In the illustrated embodiment, outer surface 114A of receiver housing 114 also comprises a guide 120 which is raised relative to (i.e. projects outwardly from) a remainder 114B of outer surface 114A to provide a guide surface 120A. Guide 120 of the FIG. 3 embodiment (and/or its guide surface 120A) has a generally helical shape. Guide surface 120A may extend in one or more directions such that an orthogonal projection of the one or more extension directions of guide surface 120A onto a notional plane containing receiver axis 113 may form one or more angles, β, with receiver axis 113, wherein 0°<β<90°. Guide surface 120A may extend in one or more directions that are non-parallel with receiver axis 113 and non-orthogonal to receiver axis 113. Guide surface 120A may extend in one or more directions which have component directions that are parallel to receiver axis 113 and component directions that are orthogonal to receiver axis 113. Guide 120 (and/or its guide surface 120A) may additionally or alternatively extend to wrap around receiver axis 113 as guide 120 (and/or its guide surface 120A) extends in one or more directions aligned with receiver axis 113.

In the illustrated FIG. 3 embodiment, guide 120 comprises a flange 120B (e.g. ridges or fins) which is raised relative to (e.g. extends outwardly from) a remainder 114B of outer surface 114A. Guide 120 may additionally or alternatively comprise at least one of: a groove or channel which is depressed relative to the remainder 114B of outer surface 114A; and a combination of a flange which is raised relative to the remainder 114B of outer surface 114A and a groove which is depressed relative to the remainder 114B of outer surface 114A. The flange 120B of guide 120 provides a guide surface 120A which may be of variable height (relative to the remainder 114B of outer surface 114A). Similarly, where guide 120 comprises grooves or channels, such grooves or channels may be of variable depth. Guide 120 may comprise a variable number of flanges and/or grooves that run or wrap around outer surface 114A of receiver housing 114 and/or around receiver axis 113. In the illustrated FIG. 3 embodiment, guide 120 comprises a helical shape. Guide 120 need not comprise large number of helical or screw type turns (about receiver axis 113) and may comprise fewer that one wrap around axis 113. Guide 120 may be arranged in a right or left-handed direction or a combination of right and left-handed directions in a double-helix type shape. WPT receiver 112 may comprise a receptacle (not shown) at one or both ends of receiver housing 114 for collecting foreign objects which may be guided there by guide 120.

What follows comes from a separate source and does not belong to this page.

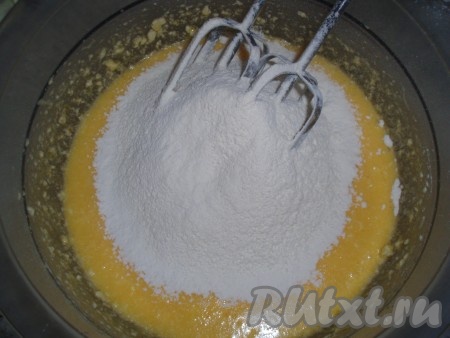 Муку, крахмал, разрыхлитель и соль просеять и всыпать в масляную массу, перемешать до однородного состояния. Тесто по консистенции будет напоминать густую сметану.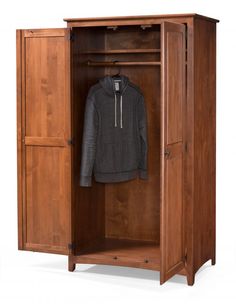 an open wooden wardrobe with a jacket hanging on the door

FIG. 4 depicts a WPT transmitter 102 of a WPT system 100 according to a particular embodiment and is used to illustrate the mechanism by which guide 110 removes metallic foreign objects and other debris from WPT system 100. It will be appreciated from the discussion that follows that the operation of WPT receiver 112 may be substantially similar to that of WPT transmitter 102 shown in FIG. 4 and described herein. As discussed above, WPT transmitter 102 comprises a transmitter housing 104 with an outer surface 104 comprising a guide 110 having the features described above in connection with FIG. 3. In the FIG. 4 embodiment, it is assumed that WPT transmitter 102 comprises a transmitter magnetic system which comprises a permanent magnet (not shown) rotating about transmitter axis 103 in a counterclockwise direction 212, causing a corresponding counterclockwise rotation of the transmitter magnetic field about transmitter axis 103.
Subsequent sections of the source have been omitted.